A subtler aspect is the ability to allow descendant classes, containers, or helpers to override an object’s configuration. For example, a base query object might have a base query string, but a descendant class or a wrapper class, OracleSQLQuery, might take advantage of Oracle-specific syntax or settings. If the query string must be a read-only constructor parameter, the descendant cannot override an contained object created by its ancestor; at best, it can create a new object, copy every other attribute value, and assign it to a protected reference that the ancestor will (we hope) use.

Special Mutators for Mutually Dependent Properties

Some parameters’ validity depends on other parameters (e.g. height and minHeight). An object can adjust one to fit another, but this can violate a  object’s agreement with the user: a writable parameter value will be what the user set it to.

form.height = 95;
form.minHeight = 80;
...
form.height = 75;
form.minHeight = 70;

If the object unilaterally and silently changes the second value for height to 80 (the minimum), the coder will expect it to be 75. If the object rejected the assignment because it (at the time) violated the minHeight value, then the object will remain internally consistent.
Some properties are mutually dependent, so it is more than a matter of the sequence of assignment. If the object cannot defer the dependency validation (see below), then it can offer a special mutator-like function that accepts both or all of the mutually dependent values at once. Two or three parameters are not too obtuse, especially if the function names them explicitly.

foo.setNameAndPassword(...)
foo.setPosition(x, y);

Deferred or Explicit Validation

A SQLQuery object can allow any value for its queryText and parameters properties until the moment its active property turns true. At that moment, all of the properties must be consistent with each other (i.e. the items in the parameters collection must match the references in the queryText). If something tries to change one of these values in an active query, the object must decide whether to set active to false or to reject the new value (e.g. by throwing an exception).

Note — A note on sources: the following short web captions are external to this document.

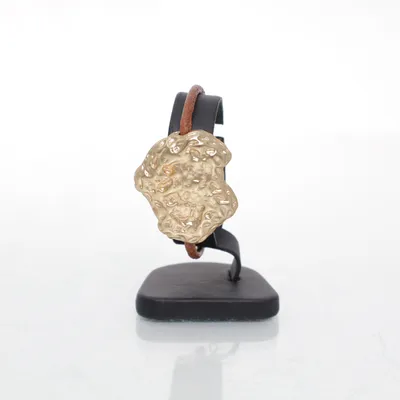 Armbånd (Guld, Brun) fra Dansk Smykkekunst Messing, Læder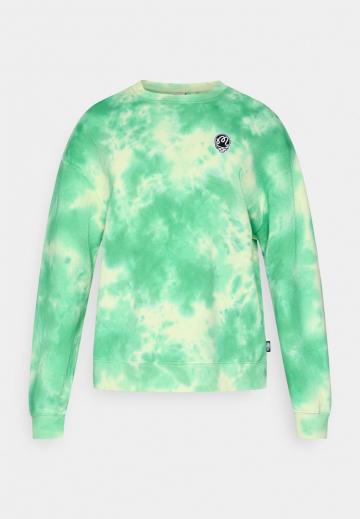 Спортивная кофта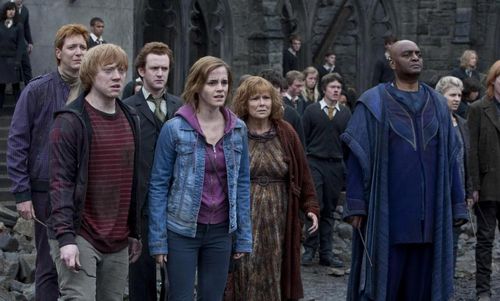 HARRY POTTER AND THE DEATHLY HALLOWS PART 2 Hogwarts Rubble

Another example might be a class URIString, which does not check for validity until something calls function isValid(). The user can set and clear different, mutually-exclusive parts of a URI without raising an exception because their interrelations don’t matter until the validation method runs.

Jeffrey Stylos and Steven Clarke: “Usability Implications of Requiring Parameters in Objects’ Constructors.”ICSE 2007.

Immutable Objects and Internal Consistency

Nevertheless, some objects really want to be immutable. It saves a lot of checking and binding events, allows static caching, and removes the need for a .copy() or .clone() method.

The best of both wolds is an immutable object with a (mutable) builder. The builder object takes all of the initial values as interactive, public properties, optionally validates those values when they are set or just before the builder becomes the immutable constructor’s sole parameter. One might use it like this:

    var builder : Object = ImmutableObject.createBuilder();
    builder.name = "Fred";
    builder.birthMonth = 4;
    builder.birthYear = 1960;
 
    var imm : ImmutableObject = builder.create();

The immutable class and the builder class work together:

1. The class’ static function returns an instance of the builder class
2. The consumer plays with the builder’s properties
3. The consumer has the builder create an instance of the class
4. The builder validates its properties
5. The builder passes itself to the class’ constructor
6. The class initializes its immutable properties (i.e. the private fields) from the builder’s properties
7. The builder passes the new class instance to the consumer

Instead of creating a public builder class for each immutable class and ending up with lots of little class files, we can use an internal class with some casting. Note that while the client code does not have access to the ImmutableObjectBuilder class, it gets an instance of that class (into its Object-type variable), and it cannot treat it like a generic object (e.g. builder.height = 44; gives an error).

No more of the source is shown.